There are dozens of papers that define the poor quality of sleep in ME/CFS patients. My favorite is one that Van Hoof et al which states:

(CFS) present a disordered sleep pattern and
frequently undergo polysomnography to exclude a primary
sleep disorder. Such studies have shown reduced
sleep efficiency, a reduction of deep sleep, prolonged
sleep initiation, and alpha-wave intrusion during deep
sleep. Deregulation of the 2-5A synthetase/RNase L antiviral
pathway and a potential acquired channelopathy
are also found in a subset of CFS patients
Bold is mine. Twitter version; we don't get to that deep sleep place where the body does it's healing and growing.

If patients are not reaching Delta sleep where all healing and growing takes place, then there is a chance that no matter how many vitamins, antivirals or antibiotics we take, the body will not be able to complete the healing process. So we get incomplete results instead of a cure.

Now there is recent evidence that TNF-a antibodies can disturb the sleep system (rather than the cycle) causing the patient to not reach the much needed Delta sleep state. Drugs like Ebrel, which is the drug that Mella and Fluge are trying on the non responders to Rituxian, work to calm the TNG-a antibodies in effect resetting the system and allowing the brain to reach Delta sleep. The hope is that it will allow the healing cycle to be complete and the non responders will then respond.

I find their line of reasoning sound. I really look forward to the results. For the last century medicine has been about one problem, one drug and then move on to the next but it's changing. There is a better understanding that came about with AIDS that the systems are complex and interdependent and may need a more holistic approach.

In regards to the Morris/Maes paper I can't really say if their attempt to bring everything under one umbrella is correct or not since any hypothesis needs time to be proven or dis-proven or adjusted. There is a swing among Research/Clinicians right now to go back to looking at subgrouping and that is the way the CDC is moving right now. We haven't had much success with subgrouping in the past but we have a lot more information to work with now. We also haven't had much luck with one size fit's all. (big grins)

I'm leaning toward the Mella and Fluge approach of a tight definition, and a one two punch as a good hypothesis to try out!
 

Countrygirl

Senior Member
Messages
5,425
Location
UK
I have just received you message Leela and hope the paper is with you by now..

Is there anyone else who can't access the paper? Don't all besiege me at once though,:)

Warm wishes,

C.G.
 

justy

Donate Advocate Demonstrate
Messages
5,524
Location
U.K
Thanks JT - i look forward to reading it in full, when my brain feels a bit lighter.

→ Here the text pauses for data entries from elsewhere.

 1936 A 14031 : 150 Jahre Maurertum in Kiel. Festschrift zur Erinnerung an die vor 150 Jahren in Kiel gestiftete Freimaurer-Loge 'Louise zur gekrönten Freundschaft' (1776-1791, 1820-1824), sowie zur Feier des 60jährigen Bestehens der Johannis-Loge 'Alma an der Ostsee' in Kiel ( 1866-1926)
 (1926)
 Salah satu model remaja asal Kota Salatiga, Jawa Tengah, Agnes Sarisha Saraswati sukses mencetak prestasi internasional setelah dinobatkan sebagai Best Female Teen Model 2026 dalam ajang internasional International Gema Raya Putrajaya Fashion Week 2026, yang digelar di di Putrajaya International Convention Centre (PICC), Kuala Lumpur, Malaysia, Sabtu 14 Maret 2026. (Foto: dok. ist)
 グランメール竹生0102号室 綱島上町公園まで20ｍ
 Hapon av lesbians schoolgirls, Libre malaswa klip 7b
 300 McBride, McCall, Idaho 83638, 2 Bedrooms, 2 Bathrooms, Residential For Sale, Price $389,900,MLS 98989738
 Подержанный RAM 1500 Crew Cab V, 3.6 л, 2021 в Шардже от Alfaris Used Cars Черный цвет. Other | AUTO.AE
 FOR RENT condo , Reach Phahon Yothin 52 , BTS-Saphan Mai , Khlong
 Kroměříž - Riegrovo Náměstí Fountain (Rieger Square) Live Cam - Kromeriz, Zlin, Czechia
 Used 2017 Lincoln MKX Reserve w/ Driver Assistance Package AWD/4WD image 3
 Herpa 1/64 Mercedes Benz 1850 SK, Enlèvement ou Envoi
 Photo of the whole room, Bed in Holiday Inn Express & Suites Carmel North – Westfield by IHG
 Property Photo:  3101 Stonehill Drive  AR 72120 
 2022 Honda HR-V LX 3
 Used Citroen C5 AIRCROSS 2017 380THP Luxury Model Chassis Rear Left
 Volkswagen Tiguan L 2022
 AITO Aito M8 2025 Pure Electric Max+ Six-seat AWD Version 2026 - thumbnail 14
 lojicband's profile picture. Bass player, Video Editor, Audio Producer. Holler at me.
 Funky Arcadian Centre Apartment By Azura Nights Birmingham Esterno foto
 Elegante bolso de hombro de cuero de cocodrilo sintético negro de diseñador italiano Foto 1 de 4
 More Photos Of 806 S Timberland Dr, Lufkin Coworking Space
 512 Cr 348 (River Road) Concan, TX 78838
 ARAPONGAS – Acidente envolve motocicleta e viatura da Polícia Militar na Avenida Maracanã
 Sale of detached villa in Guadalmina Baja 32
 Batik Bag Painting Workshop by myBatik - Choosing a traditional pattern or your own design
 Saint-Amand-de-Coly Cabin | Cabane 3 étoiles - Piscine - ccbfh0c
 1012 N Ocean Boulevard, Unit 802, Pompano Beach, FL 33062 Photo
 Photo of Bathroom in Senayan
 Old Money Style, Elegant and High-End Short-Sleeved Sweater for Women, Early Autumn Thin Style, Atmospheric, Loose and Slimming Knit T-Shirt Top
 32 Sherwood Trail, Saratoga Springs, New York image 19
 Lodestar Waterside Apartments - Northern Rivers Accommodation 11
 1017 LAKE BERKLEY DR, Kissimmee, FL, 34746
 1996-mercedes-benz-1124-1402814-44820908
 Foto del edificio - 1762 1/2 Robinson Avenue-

Speaking of brains, in the discussion on subsets (above) there seems to have been little talk of a subset with more obvious neurological problems, and i agree that the sleep aspect is missing too.
all the best, Justy.
 

Enid

Senior Member
Messages
3,309
Location
UK
I wonder if talk of subsets (predominance of specific symptoms) in a kind of "universal modelling" just yet. Also could they be related to the progress/particular damage sustained or ongoing so certainly to be considered/studied though. We went "the whole hog" - neurological - encephalitis - but that eases, others do not.
 

jace

Off the fence
Messages
856
Location
England
Bob said
I believe that Gerwyn Morris is an ME patient, and used to be a member of this forum, under the username 'Gerwyn'.
I believe Gerwyn left this forum to help set up another patient forum about a year ago, and then left that forum to help set up yet another forum.
I don't know anything else about him, except that he is a (very) passionate advocate for the biomedical model of ME.
Just to put the record straight, Ger had nothing to do with the 'setting up' of either of these forums (who? Ger? you are joking, aren't you?), he just moved to new homes when old homes became untenable for him. He no longer posts on forums, and maybe that's a good thing, because a lot of people take the wrong end of his stick.

His left-brain damage has a lot to do with his difficulties in communicating. I love him, personally, as a unique human being who has wrapped his brain round the research, and taken the time to pull together a paper which may well help the understanding of our illness move forward.